Editor's note: An earlier version of this story misidentified the host of the Webinar “Right-Sizing Your Compliance Staff." It was the Center for Auto Finance Excellence, not Royal Media Group.
Auto lenders and dealerships are strengthening their compliance staffs as the Consumer Financial Protection Bureau cracks down on lending practices. Lenders are beefing up to monitor dealerships more closely and dealerships are gearing up to face the added scrutiny.
“Staffing levels are definitely up” for lenders, said Andy Barksdale, managing director for TruPoint Partners, during a Webinar last week hosted by Center for Auto Finance Excellence. TruPoint is a consulting firm in Charlotte, N.C., that works with financial institutions in compliance.
Meanwhile, dealerships are debating whether to add more positions or pile more responsibilities on staffers who are already accountable for compliance, said Paul Metrey, chief regulatory counsel for financial services, privacy and tax at the National Automobile Dealers Association.
“Certainly compliance is going to require much more time and attention on the part of management,” he said in a phone interview on Monday. “Whether that means they need to take on additional personnel is up to them.”
Metrey said dealership staffs already keep up with a long list of compliance requirements, such as the Red Flags Rule, which is aimed at eliminating identify theft.
The Consumer Financial Protection Bureau touched off the escalation in compliance when it said a year ago it would go after lenders for allowing dealerships to decide their own payment for arranging an auto loan. The payment, called the dealer reserve or dealer markup, is an amount of interest that the dealership adds to the lender’s buy rate on a customer’s loan, usually capped at 2 percentage points.

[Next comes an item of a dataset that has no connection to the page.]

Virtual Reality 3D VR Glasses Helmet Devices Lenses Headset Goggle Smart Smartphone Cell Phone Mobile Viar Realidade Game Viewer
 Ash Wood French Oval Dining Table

The CFPB says dealer discretion in setting dealer reserve is a standing temptation for dealerships to hike rates as high as possible in order to increase their own compensation. Too often, the agency says, higher rates fall disproportionately on legally protected classes of buyers. The CFPB calls that a disparate impact, which constitutes illegal discrimination, even if it’s unintentional.
NADA counters that it doesn’t tolerate discrimination and that dealerships are motivated to use their discretion to keep interest rates as low as possible in order to compete.
The CFPB gave auto lenders a choice in March 2013: Switch to a compensation plan in which dealerships have no discretion, such as flat fees; or stick with dealer reserve and adopt much closer and stricter monitoring of loans originated at dealerships to detect any disparate impact on protected borrowers.
Lenders have stuck with dealer reserve -- even Ally Financial.
Ally paid a $98 million settlement in December resulting from a consent order with the CFPB and U.S. Department of Justice. Ally settled discrimination charges related to dealer reserve, while at the same time denying tolerating discrimination.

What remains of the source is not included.